- _What to produce_:
Filter the data for lines with the word "Blue", then copy every line so identified.

- _Source data_:
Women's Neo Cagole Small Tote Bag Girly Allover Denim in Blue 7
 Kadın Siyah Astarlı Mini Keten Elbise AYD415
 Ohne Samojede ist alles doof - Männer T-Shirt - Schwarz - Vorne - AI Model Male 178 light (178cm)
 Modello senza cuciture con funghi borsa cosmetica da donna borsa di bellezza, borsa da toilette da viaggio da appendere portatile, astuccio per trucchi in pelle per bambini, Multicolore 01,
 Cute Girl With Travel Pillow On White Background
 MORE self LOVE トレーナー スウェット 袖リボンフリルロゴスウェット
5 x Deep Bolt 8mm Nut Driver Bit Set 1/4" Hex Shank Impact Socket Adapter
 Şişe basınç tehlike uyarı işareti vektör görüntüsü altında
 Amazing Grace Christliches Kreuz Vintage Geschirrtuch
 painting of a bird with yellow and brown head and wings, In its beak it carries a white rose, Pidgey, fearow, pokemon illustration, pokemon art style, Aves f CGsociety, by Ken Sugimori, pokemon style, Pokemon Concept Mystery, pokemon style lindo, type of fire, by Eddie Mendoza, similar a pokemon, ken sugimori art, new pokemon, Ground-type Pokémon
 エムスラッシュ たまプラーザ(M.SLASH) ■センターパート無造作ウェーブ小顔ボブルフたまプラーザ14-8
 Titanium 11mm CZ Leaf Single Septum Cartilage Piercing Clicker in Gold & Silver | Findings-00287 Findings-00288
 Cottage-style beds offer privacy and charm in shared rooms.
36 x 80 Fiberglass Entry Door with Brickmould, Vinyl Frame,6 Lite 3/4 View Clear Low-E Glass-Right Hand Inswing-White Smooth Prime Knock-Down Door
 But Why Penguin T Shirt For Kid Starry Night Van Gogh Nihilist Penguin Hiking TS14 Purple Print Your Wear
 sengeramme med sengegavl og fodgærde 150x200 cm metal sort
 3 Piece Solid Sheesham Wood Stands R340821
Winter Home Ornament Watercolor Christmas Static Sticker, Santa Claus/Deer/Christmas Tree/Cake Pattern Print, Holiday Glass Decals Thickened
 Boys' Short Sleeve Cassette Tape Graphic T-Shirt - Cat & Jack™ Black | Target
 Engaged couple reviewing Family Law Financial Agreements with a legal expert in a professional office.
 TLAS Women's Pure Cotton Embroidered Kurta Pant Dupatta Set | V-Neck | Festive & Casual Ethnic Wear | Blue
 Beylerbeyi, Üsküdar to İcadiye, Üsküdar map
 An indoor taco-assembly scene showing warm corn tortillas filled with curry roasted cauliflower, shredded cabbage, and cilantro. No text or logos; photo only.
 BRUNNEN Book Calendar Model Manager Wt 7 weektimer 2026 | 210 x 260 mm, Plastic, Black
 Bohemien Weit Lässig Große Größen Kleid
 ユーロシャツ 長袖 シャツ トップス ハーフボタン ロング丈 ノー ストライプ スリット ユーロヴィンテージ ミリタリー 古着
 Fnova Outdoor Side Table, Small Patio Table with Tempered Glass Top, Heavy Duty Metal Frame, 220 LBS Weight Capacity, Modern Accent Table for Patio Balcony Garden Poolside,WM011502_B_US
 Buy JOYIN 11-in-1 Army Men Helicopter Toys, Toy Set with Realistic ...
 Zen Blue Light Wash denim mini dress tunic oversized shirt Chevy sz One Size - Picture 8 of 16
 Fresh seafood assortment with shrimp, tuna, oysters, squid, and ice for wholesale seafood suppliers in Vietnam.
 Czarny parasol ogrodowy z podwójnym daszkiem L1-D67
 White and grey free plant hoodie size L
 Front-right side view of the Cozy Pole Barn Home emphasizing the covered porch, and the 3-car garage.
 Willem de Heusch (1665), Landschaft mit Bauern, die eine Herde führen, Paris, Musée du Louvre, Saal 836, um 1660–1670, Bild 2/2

- _The answer_:
Women's Neo Cagole Small Tote Bag Girly Allover Denim in Blue 7
 TLAS Women's Pure Cotton Embroidered Kurta Pant Dupatta Set | V-Neck | Festive & Casual Ethnic Wear | Blue
 Zen Blue Light Wash denim mini dress tunic oversized shirt Chevy sz One Size - Picture 8 of 16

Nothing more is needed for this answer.